A major point of my book is that our concepts of space are changing. Douglas Rushkoff makes the point too, here. What he says:
Although modern mapping systems depend heavily on computers, some of the most fundamental maps we use daily are drawn and redrawn on an ongoing basis by our own wetware. From the moment we become aware of spatial relations, we begin a complex process of constructing personal thematic maps. Maps of our mommies, daddies, bottles, favorite albums, movies, books, food, friends, pets, conversations and experiences -- anything to which we can attach associations, meaning and relationships. But these maps live on an almost subconscious level. My map of, say, the best shopping in Stockholm or the spiritually resonant zones of cyberspace, may look very different than yours.
What I say.....
You cannot travel into a fresco because it remains a point in time and space, even if it does tell a story spread over the whole chapel. You can follow a film through a limited amount of time, say two hours – but in most circumstances only in one direction. Virtual reality however gives you – potentially - infinite space you can explore in your time. The idea of this has passed irretrievably into public consciousness. Once again, this changes the way we relate to each other and the world, and will have largely unpredictable consequences.

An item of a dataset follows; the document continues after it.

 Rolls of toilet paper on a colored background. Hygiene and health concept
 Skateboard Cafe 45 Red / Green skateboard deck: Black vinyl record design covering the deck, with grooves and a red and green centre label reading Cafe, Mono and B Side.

We can however already see one spatial change that digital media has brought to us: and that is the degree to which we are now implicitly and explicitly connected to each other. Mobile phones do this more than anything else, because now our connectedness travels with us everywhere we go. This is the profound force that is re-shaping us. The network of our connections is becoming woven into our physical lives. We had thought that a new digital landscape all of its own was springing into existence, one which existed in “hyperspace”, which had its own map. This was William Gibson’s vision in Neuromancer. To some extent via the Internet it is true. But now we have to factor in mobile too, and it looks like mobile is actually mapping the virtual on to the real world.